3.9 Bij de uitkomst van het geding in hoger beroep past een veroordeling van Woonstad Rotterdam in de kosten van het principaal beroep. Nu het hof het incidenteel beroep niet noodzakelijk heeft geoordeeld zal het hof afzien van een kostenveroordeling in het incidenteel beroep. Omwille van de leesbaarheid zal het hof het gehele dictum van het bestreden vonnis vernietigen en het dictum opnieuw formuleren.
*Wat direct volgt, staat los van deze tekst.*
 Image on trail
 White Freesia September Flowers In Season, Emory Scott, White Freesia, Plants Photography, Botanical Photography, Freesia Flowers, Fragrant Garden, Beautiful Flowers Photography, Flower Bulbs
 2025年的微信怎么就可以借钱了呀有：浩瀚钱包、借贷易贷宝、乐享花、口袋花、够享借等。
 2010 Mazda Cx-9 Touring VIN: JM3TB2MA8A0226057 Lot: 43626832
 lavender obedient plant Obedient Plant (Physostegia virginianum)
Een beslissing over de reconventionele vorderingen in eerste aanleg van [X] c.s. zal daarbij niet worden gegeven nu de voorwaarde waaronder zij die reconventionele vorderingen heeft ingesteld niet (meer) is vervuld.
Beslissing
Het hof:
in het incident tot schorsing van de uitvoerbaarheid bij voorraad:
- wijst de incidentele vordering af;
- veroordeelt [X] c.s. in de kosten van het incident, aan de zijde van Woonstad Rotterdam tot op heden begroot op nihil;
in het principaal beroep:
- vernietigt het tussen partijen gewezen vonnis van de rechtbank Rotterdam, sector kanton, locatie Rotterdam, van 22 januari 2009 (in het vonnis is abusievelijk 2008 in plaats van 2009 vermeld);
en opnieuw rechtdoende:
- veroordeelt [moeder [X] ] om tegen kwijting aan Woonstad Rotterdam een bedrag van € 972,04 aan hoofdsom te betalen, vermeerderd met de wettelijke rente in de zin van artikel 6:119 BW over het saldo dat aan hoofdsom vanaf 26 november 2008 na elke credit- en debetmutatie heeft opengestaan tot de dag der algehele voldoening;
- verklaart deze veroordeling uitvoerbaar bij voorraad;
- wijst af het in eerste aanleg in conventie meer of anders gevorderde;
- compenseert de proceskosten in eerste aanleg, in die zin dat elke partij de eigen kosten draagt;
- veroordeelt Woonstad Rotterdam in de kosten van het principaal beroep, aan de zijde van [X] c.s. tot op heden begroot op € 3.029,98 waarvan te voldoen:
(a) aan de griffier van het hof € 2.878,50, te weten € 196,50 voor in debet gesteld griffierecht en € 2.682,- voor salaris advocaat, waarmee de griffier zal handelen overeenkomstig het bepaalde in art. 243 Rv, en
(b) aan [X] c.s. € 151,48, te weten € 65,50 voor niet in debet gesteld griffierecht en € 85,98 voor de kosten van het exploot;
in het incidenteel beroep
:
- verwerpt het beroep.
Dit arrest is gewezen door mrs. C.G. Beyer- Lazonder, T.L. Tan en R.S. van Coevorden en is uitgesproken ter openbare terechtzitting van 19 mei 2009, in bijzijn van de griffier.